Désormais, le Canada n’est plus en reste des autres révolutions (française et américaine), car des mouvements empreints de libéralisme (dont on fait l’apologie dans le document) émergent. Et ce n’est pas du mouvement des Patriotes auquel on fait référence ! Non, on donne plutôt en exemple une pétition qui réclame dès 1784 la mise en place d’une chambre d’assemblée. Un choix de faits historiques douteux, il faut bien le dire.

Finalement, ce merveilleux périple aboutit en 1848 à l’établissement d’une « démocratie parlementaire ». Dans ce contexte, les Événements de 1837-1838 sont réduits à de « petites escarmouches » inutiles.

Déjà, à la fin des années 1990, Ronald Rudin, historien à l’Université Concordia, avait questionné dans Faire de l’histoire au Québec le consensus autour de ce courant historiographique. Curieux que personne aujourd’hui ne rappelle ses thèses.

En entrevue, Ronald Rudin nous explique qu’il y avait « un consensus parmi les historiens québécois au début des années 1990. On avait accepté un certain sens de l’objectivité, l’histoire était conçue comme une science exacte avec une interprétation acceptée que j’ai nommée révisionniste et que d’autres ont appelée moderniste. »

Ce courant « moderniste » présente un Québec « normal » et « les historiens révisionnistes ont insisté sur l’insertion du Québec dans la dynamique du développement de l’Occident », rappelle Rudin.

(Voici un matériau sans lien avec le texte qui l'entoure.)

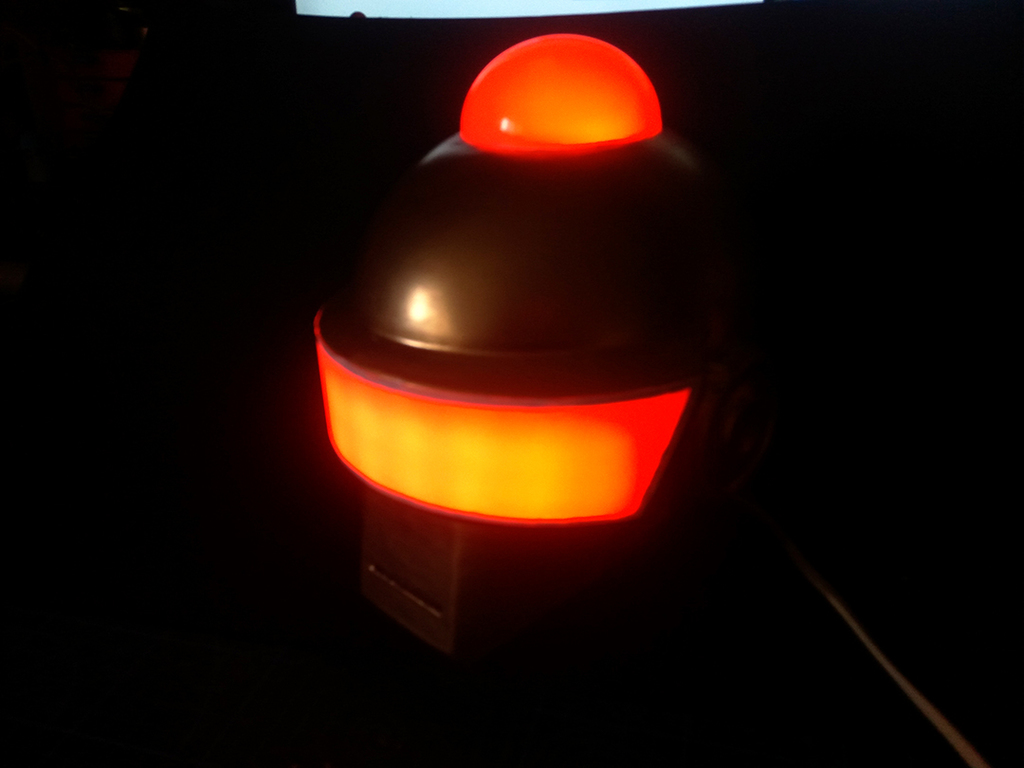 Daft Punk Helmet Lamp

La génération des historiens révisionnistes a de la même façon présenté « un Québec moderne, profondément urbanisé, peuplé d’une majorité francophone peu touchée par la religion catholique et imbu d’un esprit capitaliste, plus souvent divisé par des oppositions de classes sociales que par des conflits ethniques », écrivait Rudin dans Faire de l’histoire au Québec.

« Je croyais qu’il y avait d’autres façons de comprendre le passé », raconte le professeur de Concordia. C’est en étudiant la façon de « faire de l’histoire » en Irlande que Rudin remarque l’absence de débats au Québec à propos de cette interprétation historique.

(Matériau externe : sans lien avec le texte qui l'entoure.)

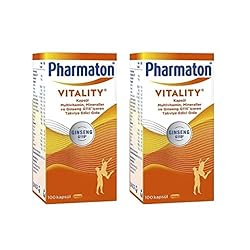 PHARMATON Vitality 100 Capsules to Restore Physical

L’histoire révisionniste irlandaise avait évacué les traumatismes de son récit. « On montrait une Irlande moins violente, moins traumatisée, plus normale, plus moderne. On avait une façon de présenter l’Irlande qui n’était ni une colonie, ni un pays du tiers monde, mais un pays “ normal ”. Les rébellions irlandaises, la Conquête et la famine de 1840 n’étaient plus des épisodes marquants de l’histoire irlandaise. Mais il y avait une surabondance de travaux d’historiens sur les processus politiques pour souligner les efforts parlementaires déployés pour faire de l’Irlande un pays libre », nous explique Ronald Rudin.

Au Québec, selon Rudin, les historiens révisionnistes ont porté moins d’attention à certains thèmes comme le rôle considéré jusque là omniprésent de l’Église catholique. « Je pense qu’il y avait un problème à marginaliser le rôle du catholicisme », précise Rudin. Dans les travaux des historiens révisionnistes, « le passé est présenté comme étant séculier, l’Église est une institution comme une autre qui n’influence la société que de l’extérieur. »

« Là-bas, en Irlande, il y avait des débats à la télévision sur cette façon d’aborder l’histoire. Les livres traitants de ce sujet étaient dans les vitrines des librairies. On a questionné cette approche. J’ai pensé, en publiant Faire de l’histoire au Québec poser des questions utiles pour le Québec », ajoute Rudin.

Bien que le livre de Rudin ait provoqué un certain questionnement chez les historiens québécois, il ne semble pas avoir trouvé d’écho chez les gens du Ministère qui ont confectionné le nouveau programme.